DP (using 3D array), time

大开眼界的一道题，原来用3D DP好多事情都会迎刃而解。。

Let dp[x][i][j] be the answer for the substring S[i...j] where S[i] == S[j] == 'a'+x. Note that since we only have 4 characters a, b, c, d, thus 0 <= x < 4. The DP formula goes as follows:

If S[i] != 'a'+x, then dp[x][i][j] = dp[x][i+1][j], note that here we leave the first character S[i] in the window out due to our definition of dp[x][i][j].
If S[j] != 'a'+x, then dp[x][i][j] = dp[x][i][j-1], leaving the last character S[j] out.
If S[i] == S[j] == 'a'+x, then dp[x][i][j] = 2 + dp[0][i+1][j-1] + dp[1][i+1][j-1] + dp[2][i+1][j-1] + dp[3][i+1][j-1]. When the first and last characters are the same, we need to count all the distinct palindromes (for each of a,b,c,d) within the sub-window S[i+1][j-1] plus the 2 palindromes contributed by the first and last characters. 注意这里为什么是加2？让我们回归到dp[x][i][j]的定义上，其包含的palindrome的最左和最右字符一定是x，所以推导dp[x][i][j]的时候必须将x放在其头尾，那么就有"x + subPalindromes + x", "xx", "x"这几种情况，加2就显而易见了。
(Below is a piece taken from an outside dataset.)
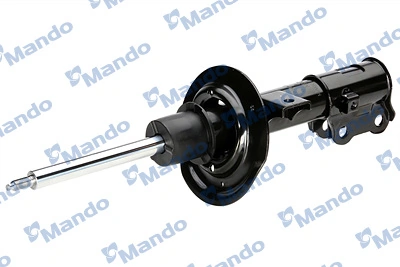 EX54651A2500 Mando Амортизатор передний левый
Let n be the length of the input string S, The final answer would be dp[0][0][n-1] + dp[1][0][n-1] + dp[2][0][n-1] + dp[3][0][n-1] mod 1000000007.

考虑一下这种思路为什么2D DP是不够用的。假设dp[i][j]表示s[i...j]的palindrome sequence count，那么如果s[i] != s[j]，dp[i][j] = dp[i + 1][j] + dp[i][j - 1]是错的，因为子问题会有重复解。只有再添加一维x，指定字符，每个子问题才是独立的。

好吧还是有点懵。。

class Solution {
    public int countPalindromicSubsequences(String s) {
        int n = s.length();
        int mod = 1000000007;
        int[][][] dp = new int[4][n][n];
        
        for (int i = n - 1; i >= 0; --i) {
            for (int j = i; j < n; ++j) {
                for (int k = 0; k < 4; ++k) {
                    char c = (char) ('a' + k);
                    
                    if (j == i) {
                        if (s.charAt(i) == c) {
                            dp[k][i][j] = 1;
                        }
                        continue;
                    }
                    
                    if (s.charAt(i) != c) {
                        dp[k][i][j] = dp[k][i + 1][j];
                    } else if (s.charAt(j) != c) {
                        dp[k][i][j] = dp[k][i][j - 1];
                    } else {
                        dp[k][i][j] = 2;
                        for (int x = 0; x < 4; ++x) {
                            dp[k][i][j] += dp[x][i + 1][j - 1];
                            dp[k][i][j] %= mod;
                        }
                    }
                }
            }
        }
        
        int res = 0;
        for (int k = 0; k < 4; ++k) {
            res += dp[k][0][n - 1];
            res %= mod;
        }
        
        return res;
    }
}